Özellikle Türkiye’nin içinde bulunduğu coğrafya ve çevresine odaklanmış, “bozucu etkiler” göz önünde bulundurulduğunda, ne yazık ki, 21. yüzyılın başlangıcına kadar bu etkilere müdahale edebilecek etkin bir yapı oluşturulamamış ve düzenleyici bir mekanizma da meydana getirilemediğinden, istikrarsızlık devam edegelmiştir. Güvenlik herkesin ve her devletin ihtiyacıdır. Savaşa hazırlanmanın arka planında ise devletin ve insanların şimdiki ve gelecekteki güvenliğinin sağlanması düşüncesi bulunmaktadır (Alpar, 2015: 3).
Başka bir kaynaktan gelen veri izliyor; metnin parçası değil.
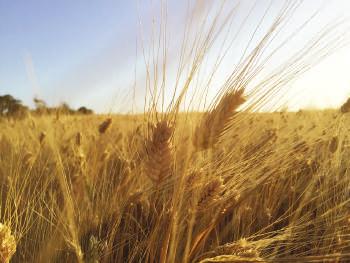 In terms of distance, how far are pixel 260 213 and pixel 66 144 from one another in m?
1.81

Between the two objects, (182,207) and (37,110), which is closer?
(182,207)

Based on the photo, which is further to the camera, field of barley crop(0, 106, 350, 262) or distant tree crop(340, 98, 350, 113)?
distant tree crop(340, 98, 350, 113)

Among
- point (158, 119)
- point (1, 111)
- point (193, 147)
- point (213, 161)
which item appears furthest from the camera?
point (1, 111)

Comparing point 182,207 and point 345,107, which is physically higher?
point 345,107

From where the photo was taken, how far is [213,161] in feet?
3.87

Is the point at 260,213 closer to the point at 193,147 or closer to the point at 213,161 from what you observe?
the point at 213,161

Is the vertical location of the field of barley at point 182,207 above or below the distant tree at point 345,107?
below

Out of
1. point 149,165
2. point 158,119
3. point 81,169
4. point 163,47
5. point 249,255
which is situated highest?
point 163,47

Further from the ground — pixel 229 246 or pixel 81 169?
pixel 81 169

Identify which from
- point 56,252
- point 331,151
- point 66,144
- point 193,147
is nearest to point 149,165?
point 193,147

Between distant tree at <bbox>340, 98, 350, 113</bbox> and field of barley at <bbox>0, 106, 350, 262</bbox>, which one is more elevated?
distant tree at <bbox>340, 98, 350, 113</bbox>

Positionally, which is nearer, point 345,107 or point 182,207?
point 182,207

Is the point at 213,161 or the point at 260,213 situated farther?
the point at 260,213

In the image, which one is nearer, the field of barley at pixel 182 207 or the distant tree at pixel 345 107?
the field of barley at pixel 182 207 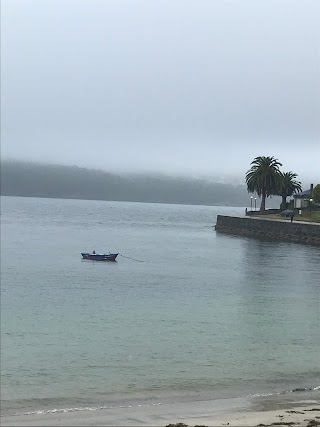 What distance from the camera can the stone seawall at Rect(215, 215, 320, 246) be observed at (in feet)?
274

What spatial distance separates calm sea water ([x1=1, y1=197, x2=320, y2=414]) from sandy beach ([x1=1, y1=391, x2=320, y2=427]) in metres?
0.80

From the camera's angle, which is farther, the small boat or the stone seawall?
the stone seawall

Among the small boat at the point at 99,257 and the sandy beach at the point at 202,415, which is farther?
the small boat at the point at 99,257

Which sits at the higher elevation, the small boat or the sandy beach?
the small boat

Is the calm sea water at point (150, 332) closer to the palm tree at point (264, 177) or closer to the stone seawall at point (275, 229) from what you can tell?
the stone seawall at point (275, 229)

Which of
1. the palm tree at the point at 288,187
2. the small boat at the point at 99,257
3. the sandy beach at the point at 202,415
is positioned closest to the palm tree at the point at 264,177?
the palm tree at the point at 288,187

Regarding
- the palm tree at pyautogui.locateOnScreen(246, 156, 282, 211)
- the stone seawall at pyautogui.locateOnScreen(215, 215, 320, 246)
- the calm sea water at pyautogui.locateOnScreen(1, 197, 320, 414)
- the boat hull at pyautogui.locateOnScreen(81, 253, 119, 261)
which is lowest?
the calm sea water at pyautogui.locateOnScreen(1, 197, 320, 414)

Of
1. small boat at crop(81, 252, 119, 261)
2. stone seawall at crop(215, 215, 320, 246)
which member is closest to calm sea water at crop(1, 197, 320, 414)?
small boat at crop(81, 252, 119, 261)

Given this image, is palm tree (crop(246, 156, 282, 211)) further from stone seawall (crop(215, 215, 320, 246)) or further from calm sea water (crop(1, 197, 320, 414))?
calm sea water (crop(1, 197, 320, 414))

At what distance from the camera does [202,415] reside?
15297 millimetres

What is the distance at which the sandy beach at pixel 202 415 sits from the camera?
14.3 m

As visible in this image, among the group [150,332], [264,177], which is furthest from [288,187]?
[150,332]

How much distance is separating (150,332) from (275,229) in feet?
219

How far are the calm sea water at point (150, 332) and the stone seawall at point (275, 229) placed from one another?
2780cm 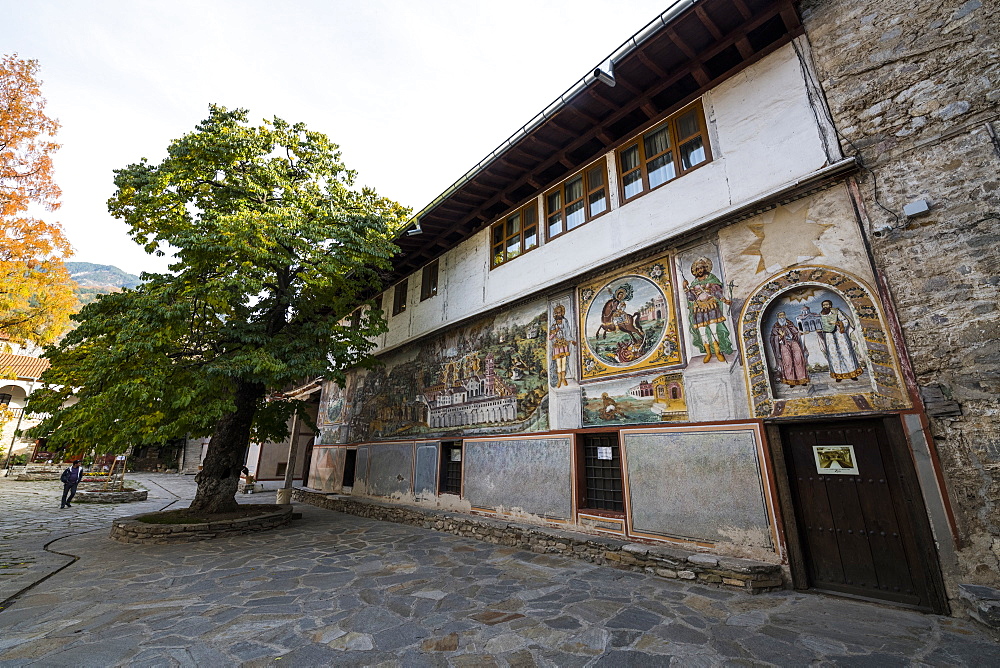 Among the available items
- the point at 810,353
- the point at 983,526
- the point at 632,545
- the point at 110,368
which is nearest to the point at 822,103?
the point at 810,353

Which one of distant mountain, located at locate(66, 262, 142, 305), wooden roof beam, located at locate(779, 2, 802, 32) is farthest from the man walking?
distant mountain, located at locate(66, 262, 142, 305)

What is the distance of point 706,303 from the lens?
19.5 feet

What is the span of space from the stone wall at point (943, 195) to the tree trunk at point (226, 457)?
39.2 feet

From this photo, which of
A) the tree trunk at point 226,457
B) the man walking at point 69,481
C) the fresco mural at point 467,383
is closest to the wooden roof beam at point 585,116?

Bozucu etkilerin uzun bir aradan sonra ilk defa, Türk Savunma Sanayisi alanında gerçekleştirilen atılımlar sonucu değişmeye başladığı da açıkça görülüyor. Oyun kurucu aktörlerin esas olarak rahatsızlıklarının altında yatan sebep de bu. Özellikle SİHA, İHA alanındaki yeni teknolojilerin, harekât alanında durumu değiştirme yeteneği olan kuvvet çarpanları olarak; Suriye, Irak, Libya, Ukrayna ve Dağlık Karabağ bölgeleri yanında, Doğu Afrika’da da etkili olduğu ortada.  Askeri alanda uzman olan kişiler bilir ki, teknolojiye sahip olmak başka bir şeydir, bunu harekât ortamında gerçek muharebe şartlarında kullanmak başka bir şeydir. Türk ordusunun tarihin derinliklerinden gelen savaş tecrübesi ile bu teknolojiyi iyi kullandığı ve ihtiyaç duyulan koşullara göre alanda giderek geliştirdiği görülmektedir. “Zeytin Dalı” benzeri harekatların, beklenenden daha kısa bir sürede başarılmasını sağlayan da kuvvet çarpanı olan, insansız hava araçlarının etkili olarak kullanılmasıydı. Bu silahlar yüksek kıymetteki hedefleri, en ekonomik şekilde ve sivil kayıpları da hemen hemen yok sayılabilecek ölçüde en aza indirerek etkisiz hale getirmiştir.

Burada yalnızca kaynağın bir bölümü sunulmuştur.